Regional security demands a force capable of defending strategic waterways
The Republic of Yemen occupies an internationally recognized strategic location with a coastline that extends south from the southern Red Sea, through the Bab el-Mandeb at a critical maritime chokepoint, before turning east along the Gulf of Aden and onward into the Arabian Sea and Indian Ocean.
The vital international shipping lanes that run along Yemen’s coast mean that Yemen’s maritime security is vital to ensure the continued safe and unhindered flow of commerce. Closure of the Bab el-Mandeb would force ships to take an extended route around the Cape of Good Hope, severely increasing costs and time with direct consequences for the world’s economy as a whole, not least of which is Yemen’s.

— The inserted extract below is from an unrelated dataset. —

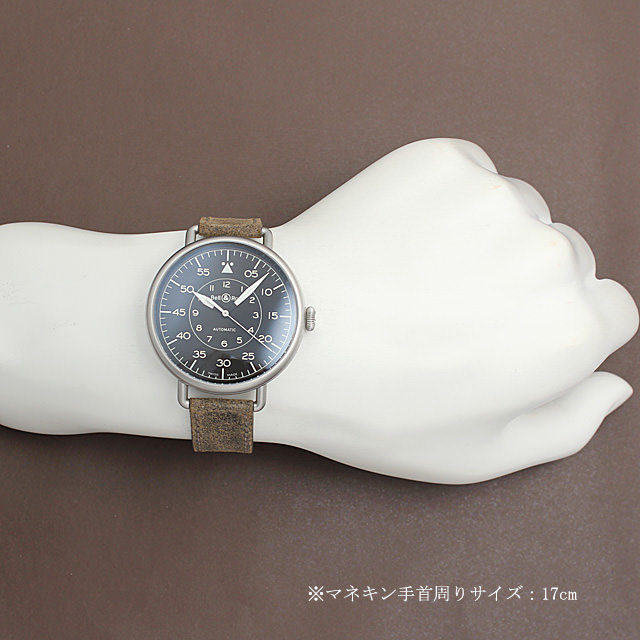 ヴィンテージ ミリタリー WW1-92-S MILITARY サブ画像４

Therefore, the Yemen Coast Guard (YCG) was established by Republican Decree No. 1 in 2002 and started its duties in 2003 as the single maritime law enforcement entity in Yemen along its 2,400-kilometer coastline. The Coast Guard’s duties include security of Yemeni ports and territorial waters and countering smuggling, illegal immigration, human trafficking and piracy.

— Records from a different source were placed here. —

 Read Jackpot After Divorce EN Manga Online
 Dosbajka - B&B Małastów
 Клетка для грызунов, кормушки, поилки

The YCG is commanded by Maj. Gen. Khaled Ali Mohammed, who is keen to regenerate the YCG’s capability in providing maritime security, which has been degraded from the war. The United Nations Office on Drugs and Crime supports the plan by providing assistance and training to the YCG and intends to help rebuild the YCG’s infrastructure and skills, including boat maintenance.

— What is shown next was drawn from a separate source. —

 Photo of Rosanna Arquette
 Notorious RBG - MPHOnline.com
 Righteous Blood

Before the war, the YCG benefited from a comprehensive and integrated support package provided by the international community, with significant U.S. provision of money, equipment and training, as well as other donations of equipment and training from countries such as the United Kingdom, France, Germany, Italy and Japan. The aim was to establish and develop a sophisticated and nationally run Coast Guard capable of protecting sea lanes to the Gulf of Aden and through the Bab el-Mandeb.
The project was about 70% complete and recognized as extremely effective, particularly in the Gulf of Aden and Red Sea. Unfortunately, as a result of the coup against the legitimate government and the ensuing bloody war, most, if not all, of the infrastructure has been destroyed or is beyond repair. Consequently, any initiatives to support the renewal of the YCG must take into account that full scale reconstruction is required.
The Yemeni coast overlooking the Bab el-Mandeb is unique, forming a vital chokepoint that links the trade route from the Atlantic Ocean though to the Middle East and Asia, with commercial vessels transporting goods, including oil and gas, between North America, Europe and Asia. The U.S. Energy Information Administration estimated that in 2016, 4.8 million barrels a day of crude oil and petroleum products flowed through the strait.
This strategic chokepoint needs continued security and surveillance to maintain the flow of commerce and prevent illegal activities. One important step to be taken is to reinforce the YCG presence specifically on Perim Island and in Al Mocha port. These are the closest YCG stations to the strait, and it’s necessary to develop YCG surveillance and interdiction capacities in this area.
Redevelopment of the YCG will enable it to retake control of security of Yemeni ports. Before the war this was an important function of the Coast Guard, which was the only organization tasked with this role. Improving the YCG will allow it to achieve standards required by the International Ship and Port Facility Security Code, standards the ports maintained before the war.
Furthermore, reconstruction the YCG’s capabilities, supported by the international community, is essential not only for Yemen but also for the stability and strengthening of maritime security in the region. The YCG is helping to fight terrorism by preventing the movement of suspicious actors by sea, especially from Somalia to the Yemeni coast. The coastal provinces of Al-Mahra and Hadhramaut are used as transit points for most of the smuggling of drugs and hashish, from where it is transported to neighboring countries. This concerns everyone in the region. Moreover, to effectively prevent weapons smuggling, including ballistic missile parts and drones from Iran to its proxies in the region, intensified presence and surveillance by YCG patrol boats is required in the Arabian Sea, Gulf of Aden and southern Red Sea.
Finally, the YCG is a key partner in international maritime alliances, most notably as a member of the Combined Maritime Forces and supporting the U.S. Navy’s 5th Fleet based in Manama, Bahrain. To highlight the latest cooperation, the YCG successfully worked together with the U.S. destroyer Jason Dunham in August 2018 after a large weapon seizure in the Gulf of Aden and captured the smugglers for prosecution in Aden.
We strongly believe that the international community needs capable and committed partners in the region to improve maritime security and prevent illicit and aggressive activities in the maritime domain. With the support of the international community, the YCG wishes to be that partner.